Comment author: Error 28 April 2016 04:43:05PM 0 points [-]

Upvoted for actually considering how it could be done. It does sort of answer the letter if not the spirit of what I had in mind.

Comment author: Lumifer 23 April 2016 01:38:51AM 0 points [-]

But another is that web sites, able to provide a look and feel appropriate to their community, plainly outcompeted networks of plaintext content.

Ah, yes, porn as the engine of technology.

The web had pictures, "networks of plaintext content" did not. Case closed.

Comment author: Error 28 April 2016 04:34:49PM 0 points [-]

Objection: I'm pretty sure Usenet had a colossal amount of porn, at least by the standards of the day. Maybe even still the case. I know its most common use today is for binaries, and I assume that most of that is porn.

Comment author: Lumifer 22 April 2016 07:16:04PM *  7 points [-]

I think you are making the argument for what was known as "the semantic web" -- the term seem to have fallen into disuse, though.

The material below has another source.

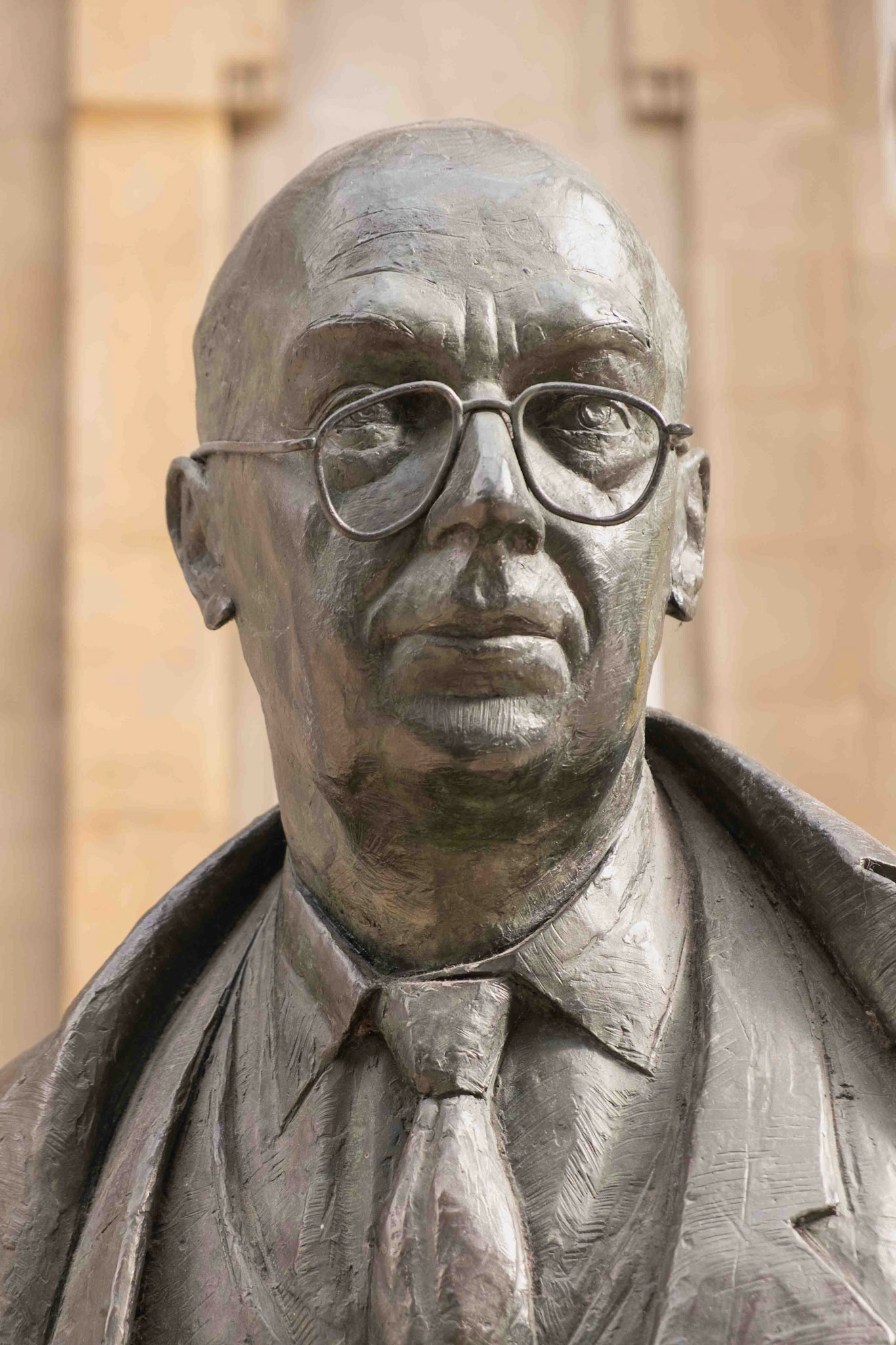 Philip Larkin Statue by Martin Jennings - Hull Railway Station UK 2025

I also think that my browser is a client. It's not a client for structured raw information, though, because there is no server which feeds it that (a client is just one half of a client-server pair, after all. A server-less client is not of much use). My browser is a client for web pages which used to mean mostly HTML and nowadays mean whatever JS can conjure.

By the way, where does RSS fit into your picture of the world?

Comment author: Error 28 April 2016 04:32:37PM 0 points [-]

I use RSS all the time, mostly via Firefox's subscribe-to-page feature. I've considered looking for a native-client feed reader, but my understanding is that most sites don't provide a full-text feed, which defeats the point.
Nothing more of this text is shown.